The Finger of Blame
Jerry Beere outlines some of the potential issues day nurseries have to face in the growing litigation culture that encourages people to believe that if anything appears to go wrong, then someone should make financial restitution to them.
Excerpt from Nursery Management Today May/June 2006 Vol. 5 No. 3

As we all know, the number of claims for personal injury being made against businesses - and individuals - is increasing. Incidents which 10 years ago would have been written off as accidents now routinely lead to legal actions.

The whole "where there's blame, there's a claim" culture has been well documented I the press and on television and radio over the last five years and I do not propose to go over familiar ground. But there are aspects to the irresistible development of our litigious society which have not been well examined and one of them is the actual process by which a claim is made and how the defendant - you, the nursery owner - should respond.

The process itself can be brutal and unpleasant. Cool reason can give way to blind fury; and normal human relationships, which might have survived with a bit of give and take, can be irreparably damaged.

The process begins with the alleged incident, of course. It is here that the disputes usually start for it is quite common for a nursery owner not even to realise that something serious has happened. A simple entry in the accident book - "slipped in kitchen" - could be completely innocuous and the nursery owner thinks nothing more of it until a solicitor's letter arrives a few weeks later.

What usually develops, of course, is that the nursery owner receives an earful from the parents of the injured child.

When the parents arrive at the nursery and see their injured child, it is not unusual for passions to get out of control and for parents to take it out on nursery staff blame quite frequently, the parents will write a letter asking for your side of events or for an explanation.

More usually, claimants will obtain legal advice from a solicitor or a claims management company and the first you will hear of it will be when you receive a formal letter of claim from a solicitor. These letters are usually quite unpleasant - if you've never seen one before - and will, first of all, baldly declare that you are responsible for the accident and that the claimant is seeking compensation from you.

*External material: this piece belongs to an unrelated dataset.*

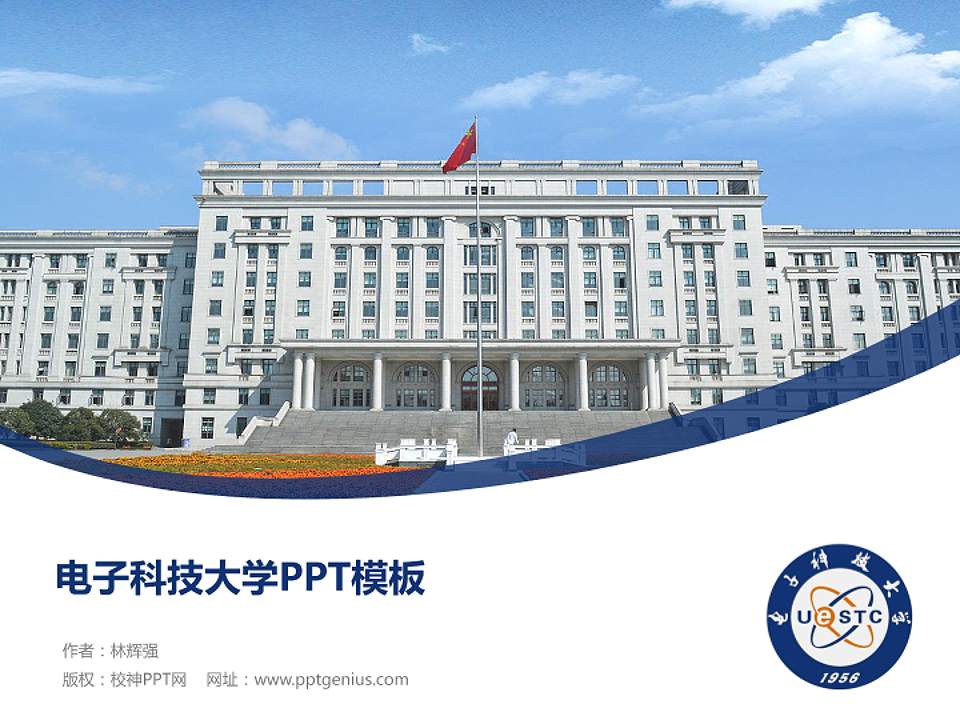 电子科技大学毕业论文答辩PPT模板下载4:3格式PPT封面效果预览图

The letter will then go on to outline the circumstances of the claim (it is surprising how often these vary from the nursery owner's own recollections of the incident; and equally surprising how often the details are simply wrong).

These letters can be pretty upsetting, particularly if you are certain that you have done nothing wrong. But it is important that you think clearly at this point. What you must do is to contact your insurance company immediately and follow their instructions.

Once they have received the letter, the insurance company will contact the solicitors directly and will appoint a loss adjuster, who will some out to investigate the claim on behalf of the company.

Having investigated, the adjuster will make a report to the company which will recommend either that the company rejects the claim outright or that it accepts the claim.

You should note here that it is not unusual for this stage for the process to take several months or even years. We are only now completing a claim that commenced in 1992 - an extreme example but it does illustrate just how lengthy some of these claims can be.

It is at this point, right at the end of the claim, that passions can become inflamed again. It is not unusual for the insurance company to settle the claim for compensation and the claimants' costs and for you, the policy holder, to be absolutely outraged that this has been done in your name. If you do not feel that the original incident was your fault, it can be extremely difficult to accept that the insurance company has come to an arrangement with the claimant. Unfortunately, it is often very difficult for the insurance company to do anything other than attempt a settlement. In my younger and more naive days, I remonstrated with a grizzled old insurance adjuster about his settlement of a claim. I asked him why he had he not fought harder and taken it to court. It was very simple, he explained. If he settled it, it would cost the insurance company 15,000. If he fought it at court and lost, it would cost the company 80,000. Court costs can at the very least quadruple the settlement costs of a potential claim and insurance companies will only very reluctantly go anywhere near a court of law.

No-one likes these claims, except possibly the loss adjusters and solicitors who make their living out of them.